*Your goal*
Exactly as written, please repeat the data that follows, but not the pictures.

*Exercise inputs*
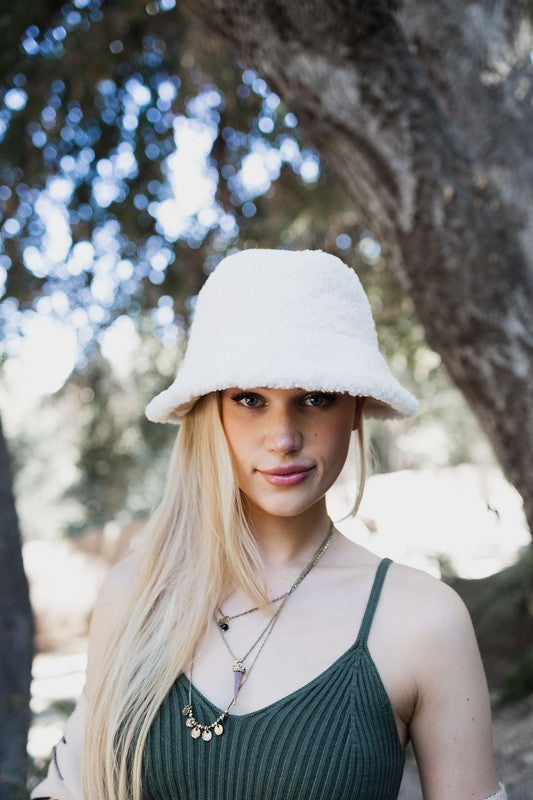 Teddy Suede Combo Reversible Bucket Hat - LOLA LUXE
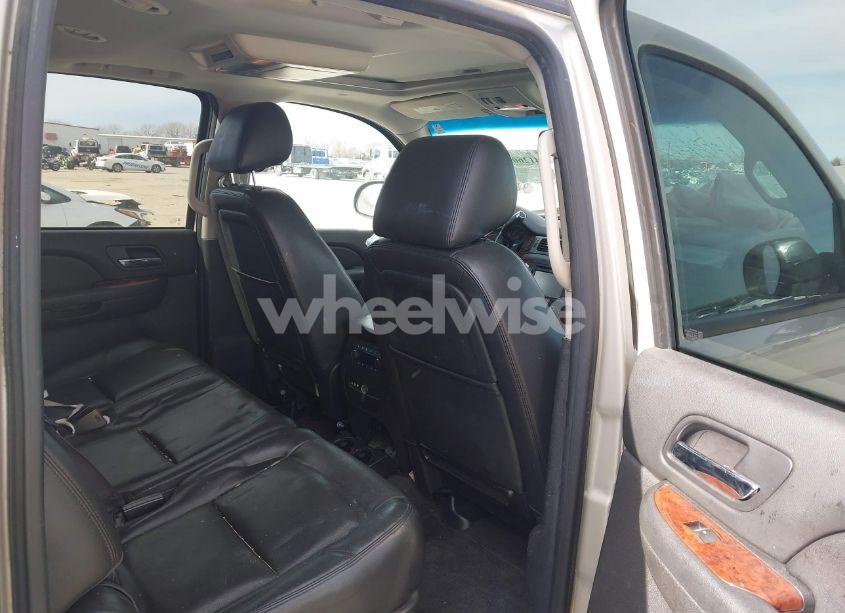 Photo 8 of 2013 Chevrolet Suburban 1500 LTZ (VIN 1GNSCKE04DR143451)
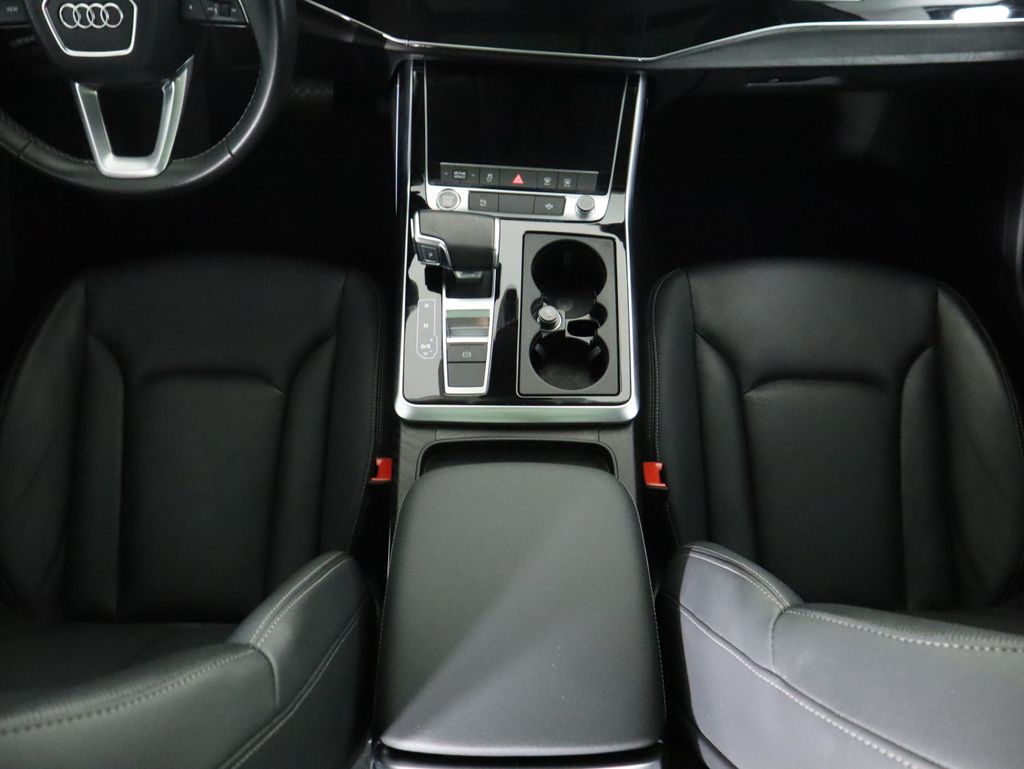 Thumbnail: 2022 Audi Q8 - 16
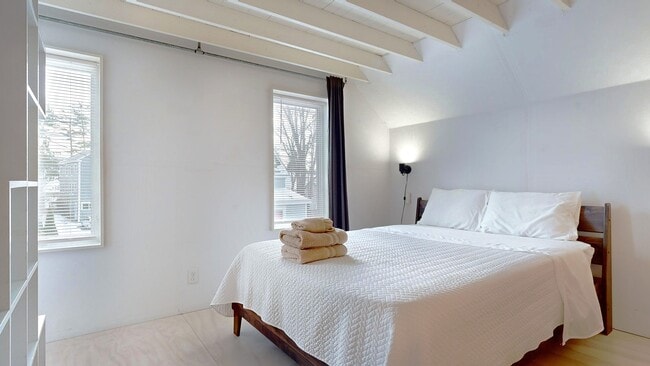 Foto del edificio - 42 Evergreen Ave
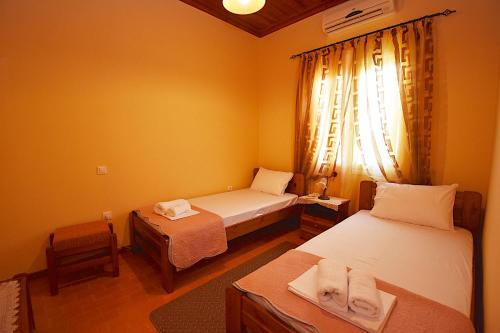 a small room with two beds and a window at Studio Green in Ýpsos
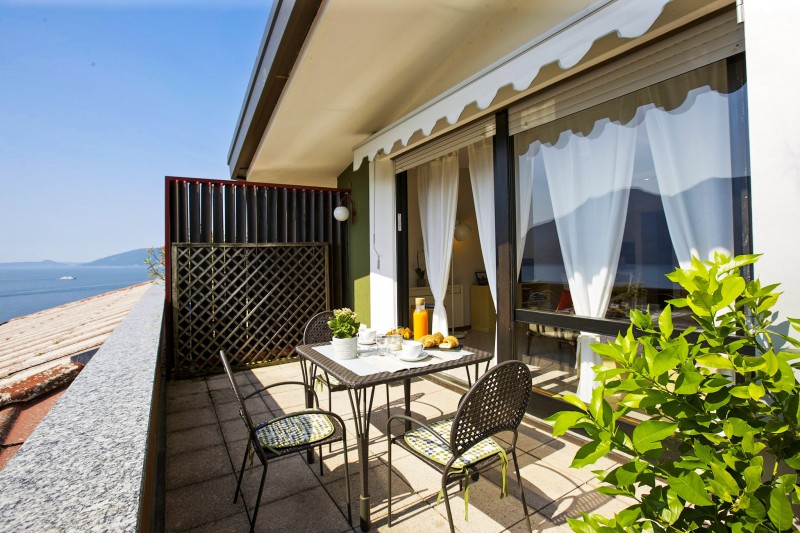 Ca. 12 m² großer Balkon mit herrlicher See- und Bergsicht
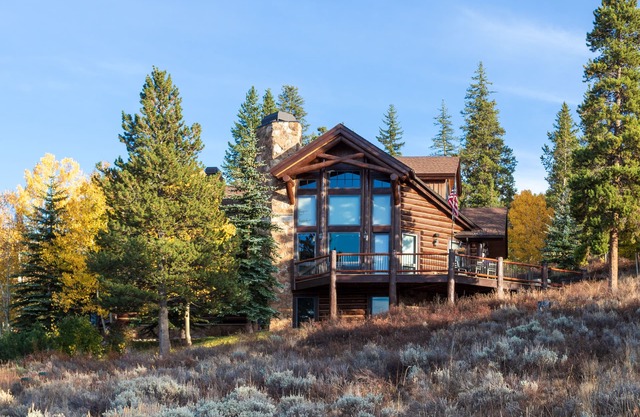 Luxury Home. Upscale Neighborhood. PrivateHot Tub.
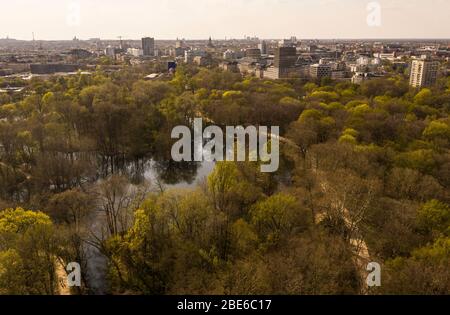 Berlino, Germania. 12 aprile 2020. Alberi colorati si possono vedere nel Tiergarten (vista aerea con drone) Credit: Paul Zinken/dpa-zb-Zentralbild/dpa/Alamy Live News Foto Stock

*Result of this exercise*
 Teddy Suede Combo Reversible Bucket Hat - LOLA LUXE
 Photo 8 of 2013 Chevrolet Suburban 1500 LTZ (VIN 1GNSCKE04DR143451)
 Thumbnail: 2022 Audi Q8 - 16
 Foto del edificio - 42 Evergreen Ave
 a small room with two beds and a window at Studio Green in Ýpsos
 Ca. 12 m² großer Balkon mit herrlicher See- und Bergsicht
 Luxury Home. Upscale Neighborhood. PrivateHot Tub.
 Berlino, Germania. 12 aprile 2020. Alberi colorati si possono vedere nel Tiergarten (vista aerea con drone) Credit: Paul Zinken/dpa-zb-Zentralbild/dpa/Alamy Live News Foto Stock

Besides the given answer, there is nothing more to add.